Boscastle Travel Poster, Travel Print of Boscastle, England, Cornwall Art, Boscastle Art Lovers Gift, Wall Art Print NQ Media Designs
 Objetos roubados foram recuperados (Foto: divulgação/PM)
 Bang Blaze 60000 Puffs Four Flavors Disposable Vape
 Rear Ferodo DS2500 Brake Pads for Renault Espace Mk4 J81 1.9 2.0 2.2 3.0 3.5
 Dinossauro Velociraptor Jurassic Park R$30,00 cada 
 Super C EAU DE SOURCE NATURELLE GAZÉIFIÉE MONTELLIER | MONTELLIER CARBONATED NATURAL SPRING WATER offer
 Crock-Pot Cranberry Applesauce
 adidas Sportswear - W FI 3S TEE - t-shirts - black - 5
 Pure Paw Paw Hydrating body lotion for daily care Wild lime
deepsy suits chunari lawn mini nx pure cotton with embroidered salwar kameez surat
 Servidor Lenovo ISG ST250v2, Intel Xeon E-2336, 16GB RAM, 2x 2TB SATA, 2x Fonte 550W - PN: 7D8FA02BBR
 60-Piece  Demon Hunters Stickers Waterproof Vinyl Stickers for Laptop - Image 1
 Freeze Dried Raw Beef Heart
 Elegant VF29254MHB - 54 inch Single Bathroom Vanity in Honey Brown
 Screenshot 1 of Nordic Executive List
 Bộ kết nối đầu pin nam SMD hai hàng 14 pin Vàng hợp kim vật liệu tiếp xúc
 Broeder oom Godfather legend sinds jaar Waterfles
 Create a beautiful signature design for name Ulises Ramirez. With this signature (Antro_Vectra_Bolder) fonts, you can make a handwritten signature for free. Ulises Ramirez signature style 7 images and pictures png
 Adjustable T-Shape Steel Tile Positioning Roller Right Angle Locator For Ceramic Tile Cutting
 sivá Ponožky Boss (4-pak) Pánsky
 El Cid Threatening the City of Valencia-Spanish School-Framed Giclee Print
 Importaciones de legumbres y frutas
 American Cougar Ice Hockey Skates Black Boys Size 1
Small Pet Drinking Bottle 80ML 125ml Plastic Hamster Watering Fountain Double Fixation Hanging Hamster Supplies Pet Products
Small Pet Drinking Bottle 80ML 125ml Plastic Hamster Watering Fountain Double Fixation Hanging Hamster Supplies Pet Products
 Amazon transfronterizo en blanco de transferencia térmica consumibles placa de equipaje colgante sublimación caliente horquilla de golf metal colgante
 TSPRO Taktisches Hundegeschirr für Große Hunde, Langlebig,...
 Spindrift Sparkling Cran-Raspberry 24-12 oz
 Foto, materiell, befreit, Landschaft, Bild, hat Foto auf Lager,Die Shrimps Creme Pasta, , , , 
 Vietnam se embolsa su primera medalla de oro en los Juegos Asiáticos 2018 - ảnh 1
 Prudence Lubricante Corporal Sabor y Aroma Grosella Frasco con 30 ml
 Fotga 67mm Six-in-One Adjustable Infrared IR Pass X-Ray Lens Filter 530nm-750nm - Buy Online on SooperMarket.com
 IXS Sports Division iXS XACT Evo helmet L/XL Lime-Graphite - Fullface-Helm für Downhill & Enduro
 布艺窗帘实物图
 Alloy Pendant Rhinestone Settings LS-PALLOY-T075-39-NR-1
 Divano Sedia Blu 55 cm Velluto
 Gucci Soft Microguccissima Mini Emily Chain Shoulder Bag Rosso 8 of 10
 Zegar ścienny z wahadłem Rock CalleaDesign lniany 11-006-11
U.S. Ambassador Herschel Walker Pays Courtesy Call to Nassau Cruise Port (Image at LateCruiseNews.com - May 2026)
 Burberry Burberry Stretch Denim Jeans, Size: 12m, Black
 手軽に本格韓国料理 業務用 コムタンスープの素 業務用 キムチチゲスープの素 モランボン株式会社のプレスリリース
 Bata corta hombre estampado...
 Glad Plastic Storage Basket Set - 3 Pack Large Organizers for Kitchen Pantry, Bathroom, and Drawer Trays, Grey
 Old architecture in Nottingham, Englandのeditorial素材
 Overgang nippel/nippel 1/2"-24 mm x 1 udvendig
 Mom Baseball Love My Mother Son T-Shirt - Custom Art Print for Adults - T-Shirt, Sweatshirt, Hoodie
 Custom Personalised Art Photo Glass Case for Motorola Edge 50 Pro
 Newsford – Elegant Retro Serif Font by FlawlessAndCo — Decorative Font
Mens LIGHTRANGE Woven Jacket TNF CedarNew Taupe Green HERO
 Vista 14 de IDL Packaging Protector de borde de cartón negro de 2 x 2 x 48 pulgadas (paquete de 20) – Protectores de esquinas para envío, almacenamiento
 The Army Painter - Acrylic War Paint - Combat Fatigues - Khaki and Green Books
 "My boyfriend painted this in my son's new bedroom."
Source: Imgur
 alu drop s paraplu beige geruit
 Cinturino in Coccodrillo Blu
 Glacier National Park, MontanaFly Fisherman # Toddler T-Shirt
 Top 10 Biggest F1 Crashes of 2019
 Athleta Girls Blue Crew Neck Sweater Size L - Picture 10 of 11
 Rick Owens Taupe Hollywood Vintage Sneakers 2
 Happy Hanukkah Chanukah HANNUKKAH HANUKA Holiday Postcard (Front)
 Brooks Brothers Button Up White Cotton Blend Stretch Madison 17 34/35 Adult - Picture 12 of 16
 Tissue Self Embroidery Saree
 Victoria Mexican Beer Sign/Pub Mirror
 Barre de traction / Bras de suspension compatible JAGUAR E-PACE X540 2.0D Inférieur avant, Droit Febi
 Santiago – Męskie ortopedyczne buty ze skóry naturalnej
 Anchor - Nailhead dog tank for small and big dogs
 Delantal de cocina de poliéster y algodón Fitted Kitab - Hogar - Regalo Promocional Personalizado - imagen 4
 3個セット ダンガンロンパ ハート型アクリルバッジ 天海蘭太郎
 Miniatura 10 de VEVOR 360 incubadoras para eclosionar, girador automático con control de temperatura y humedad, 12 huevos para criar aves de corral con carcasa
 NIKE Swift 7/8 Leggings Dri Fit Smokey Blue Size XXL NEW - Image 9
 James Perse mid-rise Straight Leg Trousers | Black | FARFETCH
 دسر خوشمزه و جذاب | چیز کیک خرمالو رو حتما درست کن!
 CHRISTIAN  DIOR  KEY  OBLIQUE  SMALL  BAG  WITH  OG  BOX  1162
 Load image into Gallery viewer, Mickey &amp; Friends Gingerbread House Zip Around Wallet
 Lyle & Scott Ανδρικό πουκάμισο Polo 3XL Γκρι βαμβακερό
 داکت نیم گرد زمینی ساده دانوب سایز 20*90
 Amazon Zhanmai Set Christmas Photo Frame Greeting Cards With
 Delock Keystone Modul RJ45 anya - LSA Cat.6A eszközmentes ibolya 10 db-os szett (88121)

^^^^

▶ **What is being asked**:
In full and without alteration, reproduce the records above.

▶ **Result for this exercise**:
Boscastle Travel Poster, Travel Print of Boscastle, England, Cornwall Art, Boscastle Art Lovers Gift, Wall Art Print NQ Media Designs
 Objetos roubados foram recuperados (Foto: divulgação/PM)
 Bang Blaze 60000 Puffs Four Flavors Disposable Vape
 Rear Ferodo DS2500 Brake Pads for Renault Espace Mk4 J81 1.9 2.0 2.2 3.0 3.5
 Dinossauro Velociraptor Jurassic Park R$30,00 cada 
 Super C EAU DE SOURCE NATURELLE GAZÉIFIÉE MONTELLIER | MONTELLIER CARBONATED NATURAL SPRING WATER offer
 Crock-Pot Cranberry Applesauce
 adidas Sportswear - W FI 3S TEE - t-shirts - black - 5
 Pure Paw Paw Hydrating body lotion for daily care Wild lime
deepsy suits chunari lawn mini nx pure cotton with embroidered salwar kameez surat
 Servidor Lenovo ISG ST250v2, Intel Xeon E-2336, 16GB RAM, 2x 2TB SATA, 2x Fonte 550W - PN: 7D8FA02BBR
 60-Piece  Demon Hunters Stickers Waterproof Vinyl Stickers for Laptop - Image 1
 Freeze Dried Raw Beef Heart
 Elegant VF29254MHB - 54 inch Single Bathroom Vanity in Honey Brown
 Screenshot 1 of Nordic Executive List
 Bộ kết nối đầu pin nam SMD hai hàng 14 pin Vàng hợp kim vật liệu tiếp xúc
 Broeder oom Godfather legend sinds jaar Waterfles
 Create a beautiful signature design for name Ulises Ramirez. With this signature (Antro_Vectra_Bolder) fonts, you can make a handwritten signature for free. Ulises Ramirez signature style 7 images and pictures png
 Adjustable T-Shape Steel Tile Positioning Roller Right Angle Locator For Ceramic Tile Cutting
 sivá Ponožky Boss (4-pak) Pánsky
 El Cid Threatening the City of Valencia-Spanish School-Framed Giclee Print
 Importaciones de legumbres y frutas
 American Cougar Ice Hockey Skates Black Boys Size 1
Small Pet Drinking Bottle 80ML 125ml Plastic Hamster Watering Fountain Double Fixation Hanging Hamster Supplies Pet Products
Small Pet Drinking Bottle 80ML 125ml Plastic Hamster Watering Fountain Double Fixation Hanging Hamster Supplies Pet Products
 Amazon transfronterizo en blanco de transferencia térmica consumibles placa de equipaje colgante sublimación caliente horquilla de golf metal colgante
 TSPRO Taktisches Hundegeschirr für Große Hunde, Langlebig,...
 Spindrift Sparkling Cran-Raspberry 24-12 oz
 Foto, materiell, befreit, Landschaft, Bild, hat Foto auf Lager,Die Shrimps Creme Pasta, , , , 
 Vietnam se embolsa su primera medalla de oro en los Juegos Asiáticos 2018 - ảnh 1
 Prudence Lubricante Corporal Sabor y Aroma Grosella Frasco con 30 ml
 Fotga 67mm Six-in-One Adjustable Infrared IR Pass X-Ray Lens Filter 530nm-750nm - Buy Online on SooperMarket.com
 IXS Sports Division iXS XACT Evo helmet L/XL Lime-Graphite - Fullface-Helm für Downhill & Enduro
 布艺窗帘实物图
 Alloy Pendant Rhinestone Settings LS-PALLOY-T075-39-NR-1
 Divano Sedia Blu 55 cm Velluto
 Gucci Soft Microguccissima Mini Emily Chain Shoulder Bag Rosso 8 of 10
 Zegar ścienny z wahadłem Rock CalleaDesign lniany 11-006-11
U.S. Ambassador Herschel Walker Pays Courtesy Call to Nassau Cruise Port (Image at LateCruiseNews.com - May 2026)
 Burberry Burberry Stretch Denim Jeans, Size: 12m, Black
 手軽に本格韓国料理 業務用 コムタンスープの素 業務用 キムチチゲスープの素 モランボン株式会社のプレスリリース
 Bata corta hombre estampado...
 Glad Plastic Storage Basket Set - 3 Pack Large Organizers for Kitchen Pantry, Bathroom, and Drawer Trays, Grey
 Old architecture in Nottingham, Englandのeditorial素材
 Overgang nippel/nippel 1/2"-24 mm x 1 udvendig
 Mom Baseball Love My Mother Son T-Shirt - Custom Art Print for Adults - T-Shirt, Sweatshirt, Hoodie
 Custom Personalised Art Photo Glass Case for Motorola Edge 50 Pro
 Newsford – Elegant Retro Serif Font by FlawlessAndCo — Decorative Font
Mens LIGHTRANGE Woven Jacket TNF CedarNew Taupe Green HERO
 Vista 14 de IDL Packaging Protector de borde de cartón negro de 2 x 2 x 48 pulgadas (paquete de 20) – Protectores de esquinas para envío, almacenamiento
 The Army Painter - Acrylic War Paint - Combat Fatigues - Khaki and Green Books
 "My boyfriend painted this in my son's new bedroom."
Source: Imgur
 alu drop s paraplu beige geruit
 Cinturino in Coccodrillo Blu
 Glacier National Park, MontanaFly Fisherman # Toddler T-Shirt
 Top 10 Biggest F1 Crashes of 2019
 Athleta Girls Blue Crew Neck Sweater Size L - Picture 10 of 11
 Rick Owens Taupe Hollywood Vintage Sneakers 2
 Happy Hanukkah Chanukah HANNUKKAH HANUKA Holiday Postcard (Front)
 Brooks Brothers Button Up White Cotton Blend Stretch Madison 17 34/35 Adult - Picture 12 of 16
 Tissue Self Embroidery Saree
 Victoria Mexican Beer Sign/Pub Mirror
 Barre de traction / Bras de suspension compatible JAGUAR E-PACE X540 2.0D Inférieur avant, Droit Febi
 Santiago – Męskie ortopedyczne buty ze skóry naturalnej
 Anchor - Nailhead dog tank for small and big dogs
 Delantal de cocina de poliéster y algodón Fitted Kitab - Hogar - Regalo Promocional Personalizado - imagen 4
 3個セット ダンガンロンパ ハート型アクリルバッジ 天海蘭太郎
 Miniatura 10 de VEVOR 360 incubadoras para eclosionar, girador automático con control de temperatura y humedad, 12 huevos para criar aves de corral con carcasa
 NIKE Swift 7/8 Leggings Dri Fit Smokey Blue Size XXL NEW - Image 9
 James Perse mid-rise Straight Leg Trousers | Black | FARFETCH
 دسر خوشمزه و جذاب | چیز کیک خرمالو رو حتما درست کن!
 CHRISTIAN  DIOR  KEY  OBLIQUE  SMALL  BAG  WITH  OG  BOX  1162
 Load image into Gallery viewer, Mickey &amp; Friends Gingerbread House Zip Around Wallet
 Lyle & Scott Ανδρικό πουκάμισο Polo 3XL Γκρι βαμβακερό
 داکت نیم گرد زمینی ساده دانوب سایز 20*90
 Amazon Zhanmai Set Christmas Photo Frame Greeting Cards With
 Delock Keystone Modul RJ45 anya - LSA Cat.6A eszközmentes ibolya 10 db-os szett (88121)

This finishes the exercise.